Jim Shaw edited this page Apr 25, 2024 · 7 revisions

Introduction: what is sylph?

Sylph is an extremely fast and memory efficient program for profiling and searching metagenomic samples against databases. It is 10-100x faster than other popular software such as MetaPhlAn or Kraken and more memory efficient too.

What can sylph do?

  • Profile metagenomes: sylph can calculate the abundances of genomes in a sample using a reference database. This is the same type of output as Kraken or MetaPhlAn.
  • Search genomes against metagenomes: sylph can check if a genome is contained in your sample (e.g. is this E. coli genome in my sample?).
  • ANI querying: sylph can estimate the containment average nucleotide identity (ANI) of a reference genome to the genomes in your sample.
  • Use custom reference databases: Eukaryotes, viruses, and any collections of fasta files are ok.
  • Long-reads are usable: sylph is primarily optimized for short-reads, but it can utilize nanopore or PacBio reads with high precision.
  • Calculate coverage: sylph can estimate the coverage (not just the abundance) of genomes in your database.

What can sylph NOT do?

Sylph can not:

  • Map reads. Unlike Kraken, sylph does not classify every read.
  • Find super low abundance genomes. Sylph requires > 0.01-0.05x coverage at minimum for bacterial genomes. All bacterial genomes need at least a few hundred short-reads.
  • Reliably find genomes at genus level or higher (if it is not present at species level). If your sample is not well-characterized by the database, sylph may struggle. Note: this also applies to most profilers.
  • Compare genomes to genomes, or compare metagenomes to metagenomes.
  • Work with 16S data.

How does sylph work?

The below figure summarizes sylph's main steps.
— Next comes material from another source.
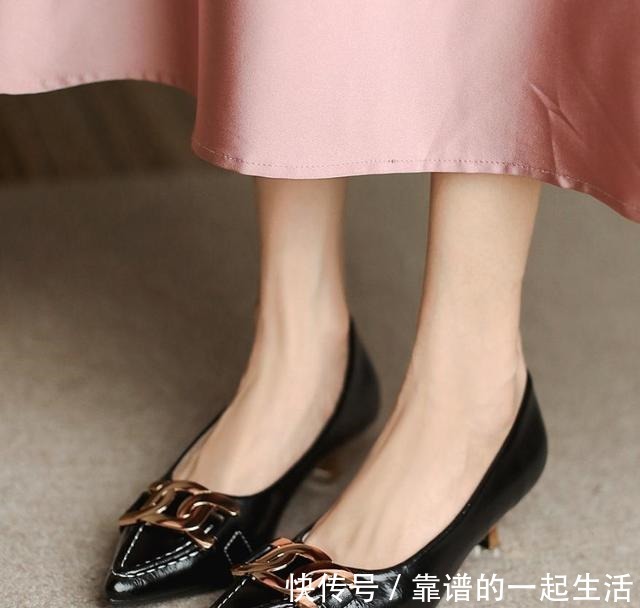 单鞋 今年早秋流行这几种质感鞋子,尽显优雅时髦品味,让穿搭变得高级!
  1. (Panel 1) Reads and reference genomes are broken into k-mers using the sylph sketch option. k-mers are downsampled by a fraction of c, default = 200.
  2. (Panel 1) Using sylph query or sylph profile, the k-mers in each reference genome are checked against the k-mers in the reads.
  3. (Panel 2) Sylph uses statistics to estimate the containment ANI between each reference genome and the metagenomes.
  4. (Panel 3) sylph query: all genomes with high ANI (> 90% default) from the previous step are reported. No abundances.
  5. (Panel 3) sylph profile: calculates abundances and reports the present genomes at species-level using a k-mer remapping algorithm if ANI > 95%.

How do I use sylph?

See the tutorials and manuals outlined in the README. The cookbook may especially be of use.